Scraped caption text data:

»»

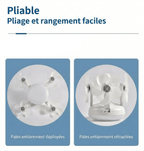 Ventilateur de Plafond à Douille E27 - Blanc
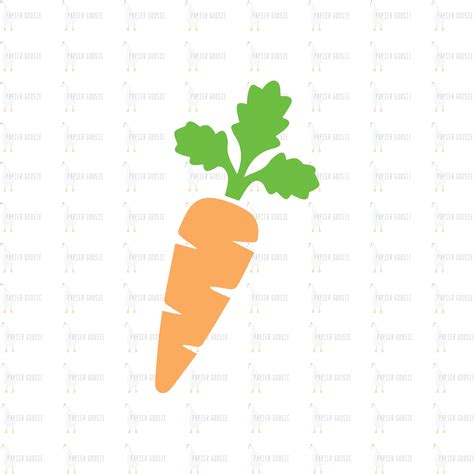Easter Carrot Svg Carrot Cute Vegetable Easter Bunny Etsy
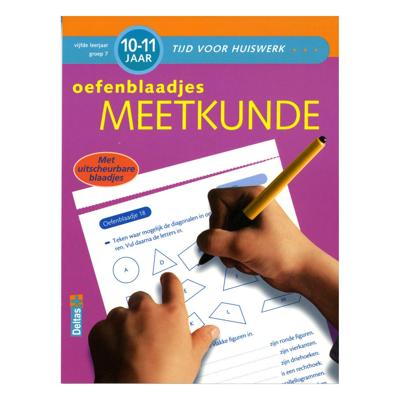 Deltas Oefenblaadjes meetkunde (10-11j) Deltas Oefenblaadjes meetkunde (10-11j)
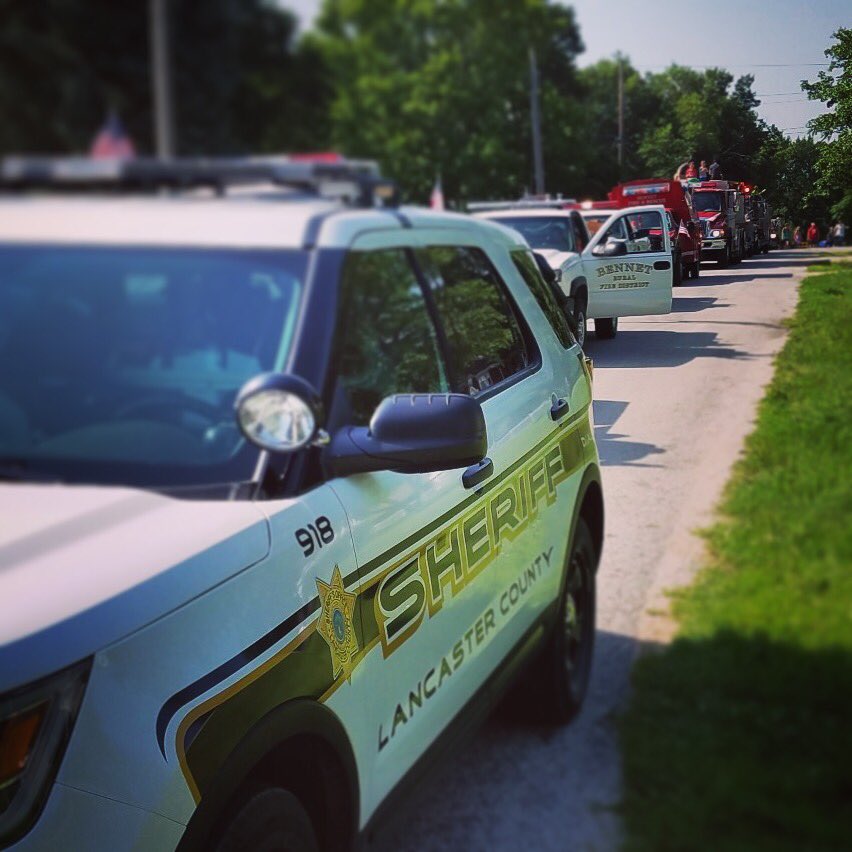 LSOnebraska's tweet photo. #lsonebraska wishes everyone a fun and safe #independenceday2018
#4thofjuly #parade #usa #communitypolicing #lso - @LSOtommy https://t.co/aKyE6wkAHY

««

• WORK ITEM: The lines needed run from the first line of the records through the line containing "LSOnebraska's tweet photo.", both included. Restate them word for word, without pictures.

• RESULT OF THE TASK:
 Ventilateur de Plafond à Douille E27 - Blanc
Easter Carrot Svg Carrot Cute Vegetable Easter Bunny Etsy
 Deltas Oefenblaadjes meetkunde (10-11j) Deltas Oefenblaadjes meetkunde (10-11j)
 LSOnebraska's tweet photo. #lsonebraska wishes everyone a fun and safe #independenceday2018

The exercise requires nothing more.